++++ Material for the task
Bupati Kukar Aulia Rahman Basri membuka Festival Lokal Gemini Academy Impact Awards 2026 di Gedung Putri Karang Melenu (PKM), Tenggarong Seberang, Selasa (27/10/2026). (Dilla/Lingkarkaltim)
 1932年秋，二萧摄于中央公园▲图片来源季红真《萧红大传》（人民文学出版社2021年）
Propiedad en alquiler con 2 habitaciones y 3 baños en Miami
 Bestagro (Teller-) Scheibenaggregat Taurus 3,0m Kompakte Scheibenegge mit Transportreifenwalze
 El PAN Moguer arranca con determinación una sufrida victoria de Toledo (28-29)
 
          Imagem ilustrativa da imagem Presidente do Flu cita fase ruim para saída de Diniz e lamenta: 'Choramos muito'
++++++++
• [Work to complete]: All the records above need to be transcribed exactly and in full.

• [Task response]:
Bupati Kukar Aulia Rahman Basri membuka Festival Lokal Gemini Academy Impact Awards 2026 di Gedung Putri Karang Melenu (PKM), Tenggarong Seberang, Selasa (27/10/2026). (Dilla/Lingkarkaltim)
 1932年秋，二萧摄于中央公园▲图片来源季红真《萧红大传》（人民文学出版社2021年）
Propiedad en alquiler con 2 habitaciones y 3 baños en Miami
 Bestagro (Teller-) Scheibenaggregat Taurus 3,0m Kompakte Scheibenegge mit Transportreifenwalze
 El PAN Moguer arranca con determinación una sufrida victoria de Toledo (28-29)
 
          Imagem ilustrativa da imagem Presidente do Flu cita fase ruim para saída de Diniz e lamenta: 'Choramos muito'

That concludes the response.